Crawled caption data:

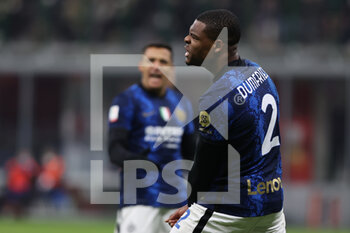 2022-03-01 - Denzel Dumfries of FC Internazionale expresses disappointment during the Coppa Italia 2021/22 football match between AC Milan and FC Internazionale at Giuseppe Meazza Stadium, Milan, Italy on March 01, 2022 - AC MILAN VS FC INTERNAZIONALE - ITALIAN CUP - SOCCER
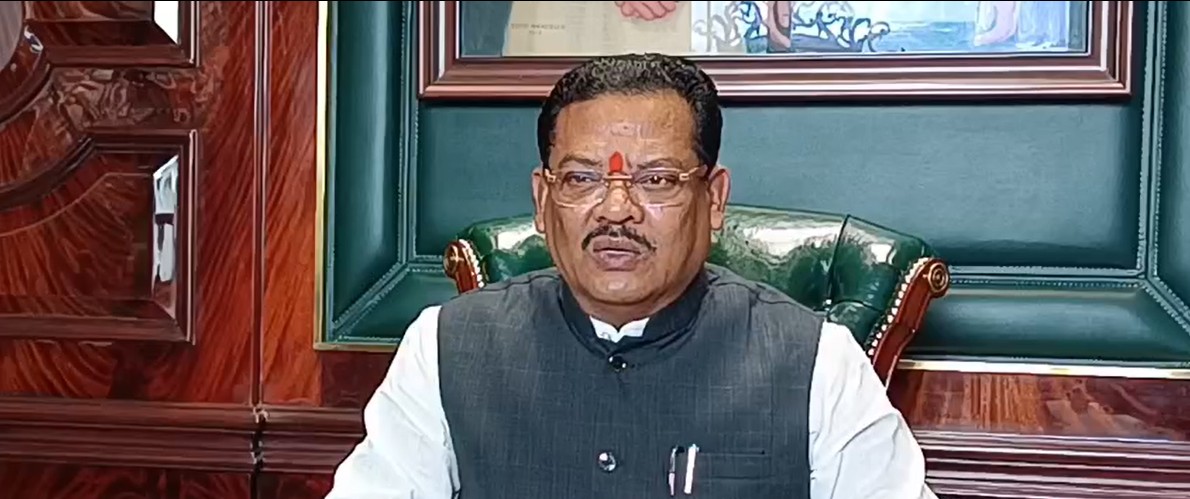 संजय शिरसाट ने संजय राउत की किताब पर साधा निशाना, बोले- ‘लिखी गई मनगढ़ंत कहानियां’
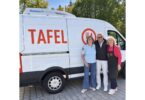 Sigrun Schuster (links) und Marianne Reiprich (rechts) von der Frauenbewegung Eggstätt mit Uwe Merklein von der Chiemsee-Tafel Prien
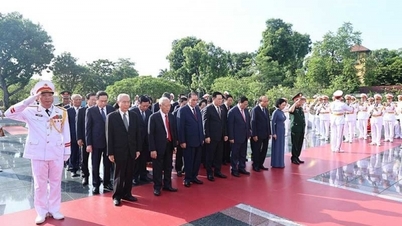 Dirigentes del Partido y del Estado conmemoran a mártires heroicos y visitan el mausoleo del presidente Ho Chi Minh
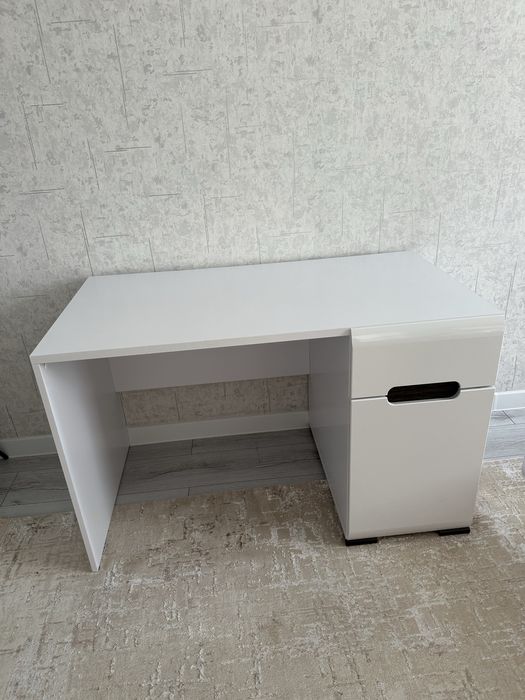 Детская парта, письменный стол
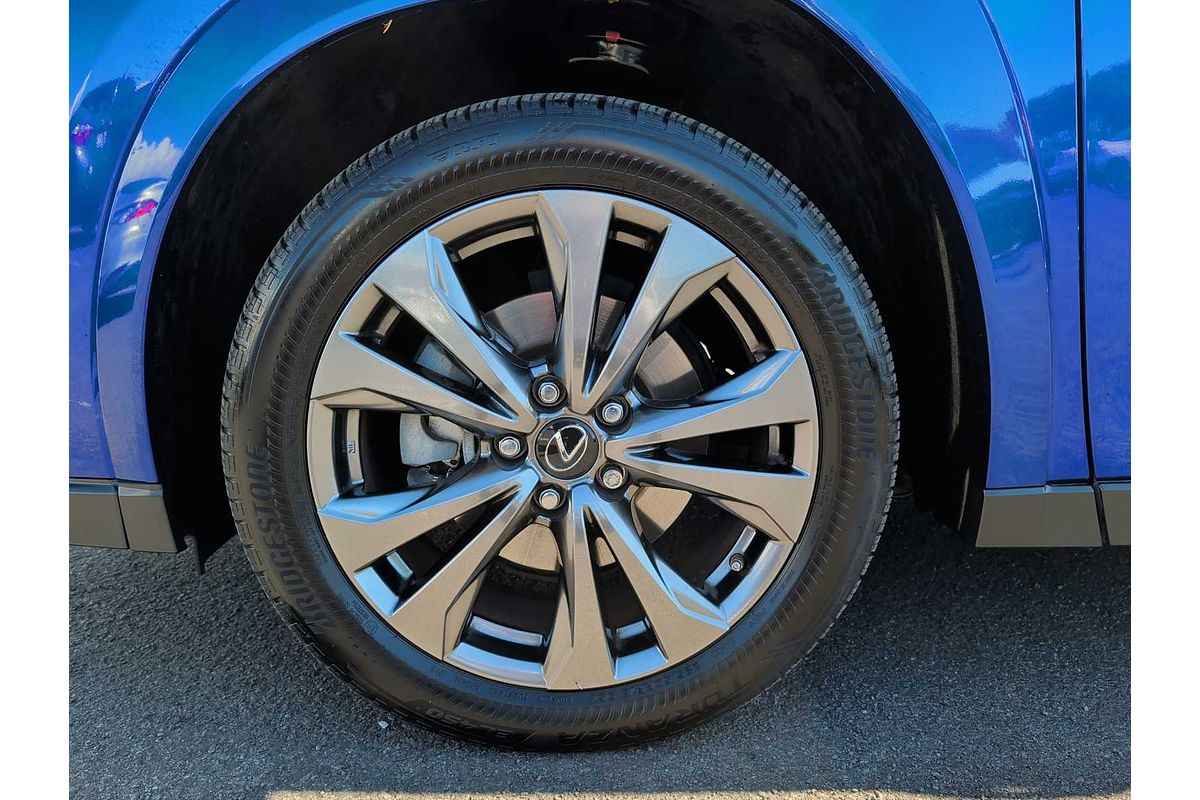 2023 Lexus UX F SPORT Design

→ **Your goal**
Only the lines from the line with "संजय शिरसाट ने" through the end of the entries above, copied exactly and with both ends included, belong in the response; the pictures do not.

→ **Completed task**
 संजय शिरसाट ने संजय राउत की किताब पर साधा निशाना, बोले- ‘लिखी गई मनगढ़ंत कहानियां’
 Sigrun Schuster (links) und Marianne Reiprich (rechts) von der Frauenbewegung Eggstätt mit Uwe Merklein von der Chiemsee-Tafel Prien
 Dirigentes del Partido y del Estado conmemoran a mártires heroicos y visitan el mausoleo del presidente Ho Chi Minh
 Детская парта, письменный стол
 2023 Lexus UX F SPORT Design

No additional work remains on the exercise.